The moves were in contrast to the strong words from Washington on Thursday evening when the US State Department rejected India's demand to drop visa fraud charges against Khobragade and apologise for allegedly mistreating her, saying the allegations were "very serious" and she would not be allowed to go scot-free.
However, on Friday, after four days of high-decibel protests and muscle-flexing, External Affairs Minister Salman Khurshid struck a conciliatory note by terming bilateral ties as "valuable" and expressed hope that the two sides will find a "solution". US embassy officials, led by ambassador Nancy Powell, held long meetings with MEA officials after the phone conversation between Foreign Secretary Sujatha Singh and US Under Secretary for Political Affairs Wendy Sherman Thursday night.
It is learnt that "specific steps" are being discussed between the two sides after the US State Department distanced itself from US attorney Preet Bharara's tough comments made in connection with the case.
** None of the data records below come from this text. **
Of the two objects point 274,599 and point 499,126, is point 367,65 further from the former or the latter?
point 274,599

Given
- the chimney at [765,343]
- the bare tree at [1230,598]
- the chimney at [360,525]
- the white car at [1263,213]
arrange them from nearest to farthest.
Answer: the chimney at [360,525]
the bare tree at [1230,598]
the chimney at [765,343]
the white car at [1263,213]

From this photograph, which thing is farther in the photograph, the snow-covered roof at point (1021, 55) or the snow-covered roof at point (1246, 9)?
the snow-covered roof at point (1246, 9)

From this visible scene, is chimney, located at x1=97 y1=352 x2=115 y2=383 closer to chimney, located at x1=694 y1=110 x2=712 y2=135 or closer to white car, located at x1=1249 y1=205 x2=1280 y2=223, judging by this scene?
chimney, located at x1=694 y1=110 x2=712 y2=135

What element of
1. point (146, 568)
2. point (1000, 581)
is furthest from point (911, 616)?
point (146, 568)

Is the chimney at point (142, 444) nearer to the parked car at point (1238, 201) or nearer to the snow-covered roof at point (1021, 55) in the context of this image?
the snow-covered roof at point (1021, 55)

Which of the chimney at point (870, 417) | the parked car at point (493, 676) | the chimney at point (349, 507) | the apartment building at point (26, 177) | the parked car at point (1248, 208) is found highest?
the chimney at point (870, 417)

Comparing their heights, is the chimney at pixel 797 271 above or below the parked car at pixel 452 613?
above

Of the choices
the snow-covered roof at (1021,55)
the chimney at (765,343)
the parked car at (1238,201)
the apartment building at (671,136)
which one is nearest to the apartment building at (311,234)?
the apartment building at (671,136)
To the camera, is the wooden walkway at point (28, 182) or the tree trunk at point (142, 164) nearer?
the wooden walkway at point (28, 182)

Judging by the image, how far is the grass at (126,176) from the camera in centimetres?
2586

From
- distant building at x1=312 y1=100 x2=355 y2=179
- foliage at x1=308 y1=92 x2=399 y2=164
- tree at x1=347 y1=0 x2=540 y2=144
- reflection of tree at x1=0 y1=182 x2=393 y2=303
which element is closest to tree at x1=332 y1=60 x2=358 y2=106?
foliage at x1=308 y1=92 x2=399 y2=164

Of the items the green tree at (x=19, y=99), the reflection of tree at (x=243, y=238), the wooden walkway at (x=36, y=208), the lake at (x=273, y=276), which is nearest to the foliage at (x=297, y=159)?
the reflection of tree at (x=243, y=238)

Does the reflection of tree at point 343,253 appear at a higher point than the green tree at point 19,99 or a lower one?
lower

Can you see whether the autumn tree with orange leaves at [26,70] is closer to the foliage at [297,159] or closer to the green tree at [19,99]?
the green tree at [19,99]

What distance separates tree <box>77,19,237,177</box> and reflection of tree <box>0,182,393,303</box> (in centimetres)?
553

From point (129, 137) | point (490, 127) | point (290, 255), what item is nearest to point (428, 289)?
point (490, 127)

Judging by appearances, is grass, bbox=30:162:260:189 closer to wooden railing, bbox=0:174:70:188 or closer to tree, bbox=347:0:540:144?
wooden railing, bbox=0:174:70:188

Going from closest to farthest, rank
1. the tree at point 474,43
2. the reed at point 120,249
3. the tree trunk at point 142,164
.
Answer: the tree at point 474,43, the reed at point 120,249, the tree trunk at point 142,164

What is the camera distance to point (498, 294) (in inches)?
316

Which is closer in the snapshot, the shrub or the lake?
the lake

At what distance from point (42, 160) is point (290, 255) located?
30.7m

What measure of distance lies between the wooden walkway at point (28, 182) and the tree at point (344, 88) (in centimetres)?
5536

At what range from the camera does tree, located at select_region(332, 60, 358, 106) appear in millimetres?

Khobragade, sources said, applied for accreditation to the UN Wednesday evening following her transfer to India's permanent mission there and the UN has to accredit her now.
After the accreditation, the US State Department will be informed about the change in her diplomatic status and the US administration has to issue her its accreditation card, giving her "full diplomatic immunity". However, this entire process is expected to take at least two weeks due to the Christmas break.
The sources also said that Indian officials in the US had been alerted about their domestic helps from India as a precautionary measure because of the apprehension that voluntary groups may try to find more examples of payment disparities.
Talking to reporters on Friday, Khurshid said India and the US need to keep in mind the entire gamut of bilateral ties while dealing with the Khobragade case and hoped the matter will be resolved despite the US refusing to accept New Delhi's demand to withdraw the charges against Khobragade.
Bilateral ties, Khurshid said, were "valuable" and India was conscious of this while dealing with the "hurtful" and "unacceptable" treatment meted out to its diplomat in New York.